L'altro sistema prevedeva
l'acquisto di un certo numero di "cartéle", sorta di
contromarche in cartoncino che venivano ritirate da attenti addetti,
all'entrata del ballo a palchetto. Dopo l'uso per qualche anno, che
rendeva le cartele una sorta di brandelli cartacei,
inverosimilmente unti, gli organizzatori le rinnovavano, con una
tornata di provvidenziale stampa.
L'uso delle cartele,
prevedeva l'impiego della corda, tesa fra due addetti a percorrere
tutta il palchetto, a spingere le coppie di ballerini che non
intendevano abbandonare la pista, mentre alcuni addetti
intervenivano sulla parte mediana della corda, facendole superare le
teste dei ballerini che, rimanendo sul posto, consegnavano però la
cartela, altrimenti: fuori dal palchetto, alla maniera del
parco buoi.
A cominciare dai primi anni del Novecento, si ha notizia della
presenza della "cattura della papera lasciata libera in mare", tra
le prove popolari nel corso dei festeggiamenti patronali di San
Secondo, il 26 d'agosto, in piena stagione balneare.
Nelle acque della Marina San Giuseppe, dal 1946, terminato
il devastante conflitto mondiale, la tradizione riprese assai
partecipata. Lo conferma la foto qui accanto, scattata nel 1947, che
ritrae la cattura della papera da parte di un nutrito equipaggio,
formato da baldi giovanotti, tutti appartenenti a stimate famiglie
locali.
L'usanza tenne banco fino agli Anni Settanta, anche se
gli anni di assenza arrivano a risultare parecchi.

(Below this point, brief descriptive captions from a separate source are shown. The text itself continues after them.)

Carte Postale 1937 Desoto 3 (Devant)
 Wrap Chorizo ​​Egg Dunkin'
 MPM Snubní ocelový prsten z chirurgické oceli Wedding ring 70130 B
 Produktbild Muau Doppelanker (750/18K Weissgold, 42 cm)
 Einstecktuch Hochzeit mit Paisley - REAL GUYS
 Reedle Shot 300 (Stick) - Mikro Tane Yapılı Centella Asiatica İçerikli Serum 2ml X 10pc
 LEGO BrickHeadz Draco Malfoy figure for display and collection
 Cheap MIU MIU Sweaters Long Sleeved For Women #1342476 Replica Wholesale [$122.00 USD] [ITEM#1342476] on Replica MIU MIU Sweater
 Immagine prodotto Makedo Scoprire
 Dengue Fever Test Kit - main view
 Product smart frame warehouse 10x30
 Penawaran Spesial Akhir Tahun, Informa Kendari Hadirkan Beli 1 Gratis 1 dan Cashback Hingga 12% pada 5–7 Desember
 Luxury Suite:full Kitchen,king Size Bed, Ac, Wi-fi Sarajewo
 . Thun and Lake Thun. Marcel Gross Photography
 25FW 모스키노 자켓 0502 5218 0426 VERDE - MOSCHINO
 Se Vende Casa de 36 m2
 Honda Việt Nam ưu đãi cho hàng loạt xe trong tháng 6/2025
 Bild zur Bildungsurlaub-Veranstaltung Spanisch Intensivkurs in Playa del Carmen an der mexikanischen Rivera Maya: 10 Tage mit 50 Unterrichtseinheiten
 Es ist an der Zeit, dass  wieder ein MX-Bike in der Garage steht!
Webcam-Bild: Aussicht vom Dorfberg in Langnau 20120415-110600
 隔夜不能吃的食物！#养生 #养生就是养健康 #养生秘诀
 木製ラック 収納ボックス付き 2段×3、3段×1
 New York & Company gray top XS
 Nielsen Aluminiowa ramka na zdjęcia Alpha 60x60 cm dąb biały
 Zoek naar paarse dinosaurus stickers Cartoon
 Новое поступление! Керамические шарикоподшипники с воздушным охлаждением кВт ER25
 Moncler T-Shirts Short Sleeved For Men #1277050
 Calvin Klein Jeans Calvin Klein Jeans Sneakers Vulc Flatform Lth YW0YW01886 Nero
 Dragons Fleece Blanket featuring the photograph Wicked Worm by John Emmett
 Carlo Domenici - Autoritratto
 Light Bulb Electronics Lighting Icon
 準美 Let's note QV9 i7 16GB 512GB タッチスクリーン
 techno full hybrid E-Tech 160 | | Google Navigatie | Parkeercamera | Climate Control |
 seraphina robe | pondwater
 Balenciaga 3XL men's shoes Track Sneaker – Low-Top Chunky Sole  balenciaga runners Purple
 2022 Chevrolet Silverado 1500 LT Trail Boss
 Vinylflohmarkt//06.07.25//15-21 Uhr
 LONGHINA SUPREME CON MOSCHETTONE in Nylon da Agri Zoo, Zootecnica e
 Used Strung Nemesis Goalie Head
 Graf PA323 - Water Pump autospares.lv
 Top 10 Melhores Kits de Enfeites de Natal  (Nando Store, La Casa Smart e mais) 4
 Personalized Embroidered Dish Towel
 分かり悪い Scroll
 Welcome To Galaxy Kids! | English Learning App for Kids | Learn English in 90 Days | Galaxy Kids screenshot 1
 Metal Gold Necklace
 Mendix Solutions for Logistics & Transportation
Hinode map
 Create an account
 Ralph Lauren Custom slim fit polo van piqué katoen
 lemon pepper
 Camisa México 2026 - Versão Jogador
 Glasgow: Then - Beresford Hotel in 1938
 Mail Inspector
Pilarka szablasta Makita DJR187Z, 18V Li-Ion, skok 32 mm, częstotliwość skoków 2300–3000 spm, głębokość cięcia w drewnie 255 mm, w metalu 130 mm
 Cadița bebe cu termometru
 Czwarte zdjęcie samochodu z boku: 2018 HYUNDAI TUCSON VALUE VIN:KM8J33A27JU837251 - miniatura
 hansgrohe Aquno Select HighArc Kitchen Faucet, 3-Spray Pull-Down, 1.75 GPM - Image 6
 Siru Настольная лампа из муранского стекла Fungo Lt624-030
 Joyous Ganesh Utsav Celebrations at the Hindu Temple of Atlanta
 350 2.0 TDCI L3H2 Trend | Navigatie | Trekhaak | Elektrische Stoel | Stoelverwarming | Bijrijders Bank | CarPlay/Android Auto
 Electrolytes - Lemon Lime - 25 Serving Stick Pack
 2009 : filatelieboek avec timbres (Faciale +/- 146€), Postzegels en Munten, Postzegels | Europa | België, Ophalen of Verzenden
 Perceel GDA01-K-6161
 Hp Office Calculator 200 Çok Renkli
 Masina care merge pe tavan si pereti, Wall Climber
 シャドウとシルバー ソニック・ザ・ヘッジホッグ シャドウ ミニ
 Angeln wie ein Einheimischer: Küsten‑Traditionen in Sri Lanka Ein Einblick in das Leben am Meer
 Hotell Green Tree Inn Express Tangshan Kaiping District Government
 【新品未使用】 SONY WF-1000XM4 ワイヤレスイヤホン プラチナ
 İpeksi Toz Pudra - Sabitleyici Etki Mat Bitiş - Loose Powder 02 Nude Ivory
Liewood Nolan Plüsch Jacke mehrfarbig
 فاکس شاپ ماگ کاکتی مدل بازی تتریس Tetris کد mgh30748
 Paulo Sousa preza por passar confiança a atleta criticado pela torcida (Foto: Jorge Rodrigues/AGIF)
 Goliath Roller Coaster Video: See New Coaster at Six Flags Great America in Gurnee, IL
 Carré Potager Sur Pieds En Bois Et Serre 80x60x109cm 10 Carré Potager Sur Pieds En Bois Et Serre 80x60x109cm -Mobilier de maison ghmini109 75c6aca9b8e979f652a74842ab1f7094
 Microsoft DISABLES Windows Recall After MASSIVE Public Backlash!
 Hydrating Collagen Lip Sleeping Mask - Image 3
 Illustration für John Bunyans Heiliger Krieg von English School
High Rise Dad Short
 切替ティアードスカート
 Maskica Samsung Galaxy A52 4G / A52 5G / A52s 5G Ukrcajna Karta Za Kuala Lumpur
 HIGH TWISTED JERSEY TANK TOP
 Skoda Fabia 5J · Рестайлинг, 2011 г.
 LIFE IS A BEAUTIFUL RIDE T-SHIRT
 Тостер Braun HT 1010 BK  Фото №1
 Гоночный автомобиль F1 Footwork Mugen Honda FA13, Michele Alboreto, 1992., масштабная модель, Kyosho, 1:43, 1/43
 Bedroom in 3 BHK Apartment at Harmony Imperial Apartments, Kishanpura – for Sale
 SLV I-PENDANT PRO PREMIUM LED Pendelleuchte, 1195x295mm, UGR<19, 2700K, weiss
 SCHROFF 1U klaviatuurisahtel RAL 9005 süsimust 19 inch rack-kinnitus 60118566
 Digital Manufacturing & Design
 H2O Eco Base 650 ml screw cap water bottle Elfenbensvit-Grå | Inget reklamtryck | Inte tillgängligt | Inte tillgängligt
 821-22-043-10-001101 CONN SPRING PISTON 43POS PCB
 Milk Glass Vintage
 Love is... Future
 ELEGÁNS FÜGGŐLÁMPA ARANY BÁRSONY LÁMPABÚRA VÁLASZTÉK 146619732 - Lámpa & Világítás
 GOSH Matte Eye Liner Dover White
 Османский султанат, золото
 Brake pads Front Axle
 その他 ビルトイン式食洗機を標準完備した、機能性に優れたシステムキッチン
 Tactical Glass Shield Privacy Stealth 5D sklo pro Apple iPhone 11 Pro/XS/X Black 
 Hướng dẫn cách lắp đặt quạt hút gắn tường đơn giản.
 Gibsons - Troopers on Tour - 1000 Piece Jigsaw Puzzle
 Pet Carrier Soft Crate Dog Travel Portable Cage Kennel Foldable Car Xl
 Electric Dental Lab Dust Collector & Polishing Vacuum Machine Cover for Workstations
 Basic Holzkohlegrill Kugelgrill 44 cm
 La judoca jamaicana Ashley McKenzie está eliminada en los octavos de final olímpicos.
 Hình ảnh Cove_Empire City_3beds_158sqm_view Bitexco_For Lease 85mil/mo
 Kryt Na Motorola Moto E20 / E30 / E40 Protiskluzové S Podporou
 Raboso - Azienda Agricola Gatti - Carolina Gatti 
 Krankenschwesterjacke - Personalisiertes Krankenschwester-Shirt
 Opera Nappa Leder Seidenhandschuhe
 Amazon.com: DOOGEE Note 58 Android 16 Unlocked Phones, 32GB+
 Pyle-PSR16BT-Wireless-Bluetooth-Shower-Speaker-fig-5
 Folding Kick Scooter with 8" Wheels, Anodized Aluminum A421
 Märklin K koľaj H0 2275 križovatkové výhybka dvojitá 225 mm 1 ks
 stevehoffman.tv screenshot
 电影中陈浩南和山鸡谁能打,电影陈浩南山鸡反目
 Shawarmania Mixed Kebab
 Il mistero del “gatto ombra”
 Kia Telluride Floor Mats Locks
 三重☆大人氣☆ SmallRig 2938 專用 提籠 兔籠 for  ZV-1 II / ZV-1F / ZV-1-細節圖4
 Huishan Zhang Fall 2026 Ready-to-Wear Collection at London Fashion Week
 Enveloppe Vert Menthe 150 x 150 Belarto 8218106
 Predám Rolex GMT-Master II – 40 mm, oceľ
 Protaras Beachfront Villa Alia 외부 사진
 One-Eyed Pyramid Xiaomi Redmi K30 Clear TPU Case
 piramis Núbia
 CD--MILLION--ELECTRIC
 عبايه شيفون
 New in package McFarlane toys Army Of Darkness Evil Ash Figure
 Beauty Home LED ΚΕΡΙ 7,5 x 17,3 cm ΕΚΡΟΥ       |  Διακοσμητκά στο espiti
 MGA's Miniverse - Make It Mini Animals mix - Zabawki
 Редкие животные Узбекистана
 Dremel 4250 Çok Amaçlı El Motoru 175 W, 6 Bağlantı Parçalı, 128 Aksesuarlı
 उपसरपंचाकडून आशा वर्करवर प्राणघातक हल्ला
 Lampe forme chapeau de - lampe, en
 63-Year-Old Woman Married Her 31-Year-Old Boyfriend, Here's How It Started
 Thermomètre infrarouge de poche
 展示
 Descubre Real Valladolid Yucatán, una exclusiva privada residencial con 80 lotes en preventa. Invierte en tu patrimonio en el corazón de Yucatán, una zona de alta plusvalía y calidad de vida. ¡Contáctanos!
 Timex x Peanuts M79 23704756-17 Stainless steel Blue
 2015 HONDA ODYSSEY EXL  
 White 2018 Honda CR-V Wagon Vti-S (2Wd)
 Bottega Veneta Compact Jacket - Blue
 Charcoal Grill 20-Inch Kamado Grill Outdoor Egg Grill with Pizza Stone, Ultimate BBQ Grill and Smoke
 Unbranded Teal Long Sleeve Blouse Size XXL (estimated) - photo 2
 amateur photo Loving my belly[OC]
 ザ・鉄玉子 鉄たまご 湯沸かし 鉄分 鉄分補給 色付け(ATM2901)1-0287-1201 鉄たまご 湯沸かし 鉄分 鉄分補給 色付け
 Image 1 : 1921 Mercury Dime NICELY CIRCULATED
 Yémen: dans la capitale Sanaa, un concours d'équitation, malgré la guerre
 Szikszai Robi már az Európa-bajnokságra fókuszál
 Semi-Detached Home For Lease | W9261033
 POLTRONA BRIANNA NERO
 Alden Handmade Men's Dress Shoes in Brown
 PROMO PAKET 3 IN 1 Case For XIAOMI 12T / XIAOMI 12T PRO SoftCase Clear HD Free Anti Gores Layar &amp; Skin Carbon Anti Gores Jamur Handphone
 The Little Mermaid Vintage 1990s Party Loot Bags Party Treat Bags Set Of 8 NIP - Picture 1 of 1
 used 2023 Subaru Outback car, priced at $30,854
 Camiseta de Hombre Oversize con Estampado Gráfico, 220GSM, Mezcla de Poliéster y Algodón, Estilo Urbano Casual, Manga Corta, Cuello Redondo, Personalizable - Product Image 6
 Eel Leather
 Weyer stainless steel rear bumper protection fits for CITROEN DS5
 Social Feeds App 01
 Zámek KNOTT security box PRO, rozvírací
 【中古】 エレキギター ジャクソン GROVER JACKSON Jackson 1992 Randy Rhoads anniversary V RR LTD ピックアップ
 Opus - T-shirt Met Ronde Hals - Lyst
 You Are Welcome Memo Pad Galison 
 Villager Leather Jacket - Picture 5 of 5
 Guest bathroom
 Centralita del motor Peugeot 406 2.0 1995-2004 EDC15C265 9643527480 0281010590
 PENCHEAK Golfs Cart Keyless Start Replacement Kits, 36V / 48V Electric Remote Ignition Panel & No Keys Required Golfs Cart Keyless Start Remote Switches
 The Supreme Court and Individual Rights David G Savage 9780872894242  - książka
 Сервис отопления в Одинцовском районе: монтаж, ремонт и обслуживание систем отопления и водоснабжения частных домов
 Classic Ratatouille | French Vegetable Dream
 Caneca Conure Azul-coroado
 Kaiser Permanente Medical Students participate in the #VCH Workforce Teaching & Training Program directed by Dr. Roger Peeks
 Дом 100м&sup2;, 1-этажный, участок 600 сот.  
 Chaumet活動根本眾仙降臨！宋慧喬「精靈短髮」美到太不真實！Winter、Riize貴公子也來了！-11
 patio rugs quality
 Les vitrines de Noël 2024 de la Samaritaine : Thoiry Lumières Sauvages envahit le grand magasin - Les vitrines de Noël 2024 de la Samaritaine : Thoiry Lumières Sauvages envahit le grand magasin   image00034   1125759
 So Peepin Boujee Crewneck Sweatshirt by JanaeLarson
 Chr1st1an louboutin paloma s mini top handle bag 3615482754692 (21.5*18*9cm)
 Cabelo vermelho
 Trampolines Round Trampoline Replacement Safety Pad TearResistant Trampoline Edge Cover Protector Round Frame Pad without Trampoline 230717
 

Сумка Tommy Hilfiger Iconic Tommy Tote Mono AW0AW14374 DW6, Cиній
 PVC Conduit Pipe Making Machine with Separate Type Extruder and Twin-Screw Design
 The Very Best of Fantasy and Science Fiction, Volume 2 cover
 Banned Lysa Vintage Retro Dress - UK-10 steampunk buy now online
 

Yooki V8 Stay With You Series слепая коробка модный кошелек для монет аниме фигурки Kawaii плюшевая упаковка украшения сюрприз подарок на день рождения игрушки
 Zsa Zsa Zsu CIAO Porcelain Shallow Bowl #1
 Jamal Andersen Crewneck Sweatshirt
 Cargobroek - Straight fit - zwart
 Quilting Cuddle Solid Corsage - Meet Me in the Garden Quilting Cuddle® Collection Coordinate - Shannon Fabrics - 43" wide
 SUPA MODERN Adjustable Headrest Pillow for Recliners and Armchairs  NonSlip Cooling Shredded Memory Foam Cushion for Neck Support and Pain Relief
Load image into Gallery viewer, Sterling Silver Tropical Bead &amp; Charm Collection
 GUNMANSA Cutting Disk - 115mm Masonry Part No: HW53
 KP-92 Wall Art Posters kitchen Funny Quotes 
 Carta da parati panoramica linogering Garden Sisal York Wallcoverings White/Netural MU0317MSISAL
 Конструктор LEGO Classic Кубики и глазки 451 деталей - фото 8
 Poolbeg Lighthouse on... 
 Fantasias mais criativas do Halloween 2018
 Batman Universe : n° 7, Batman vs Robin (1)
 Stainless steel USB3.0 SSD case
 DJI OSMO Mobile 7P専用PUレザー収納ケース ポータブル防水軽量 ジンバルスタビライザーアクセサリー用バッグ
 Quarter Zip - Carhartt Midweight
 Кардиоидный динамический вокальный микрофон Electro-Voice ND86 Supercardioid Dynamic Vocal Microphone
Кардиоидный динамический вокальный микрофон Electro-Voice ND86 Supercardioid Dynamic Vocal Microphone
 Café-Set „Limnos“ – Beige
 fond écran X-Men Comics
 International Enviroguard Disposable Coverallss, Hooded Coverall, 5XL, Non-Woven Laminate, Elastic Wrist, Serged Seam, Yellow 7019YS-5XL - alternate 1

Dopo quel
periodo, ancora libero da controindicazioni, entrarono pesantemente
in scena gli animalisti, che suggerirono altri tipi di passatempi.
Oggi, per andare a caccia folclorica di papere, bisogna
fare come i canottieri lombardi della FIC, che si sono recati in
tournée in Cina, dove il divertimento è ancora concesso.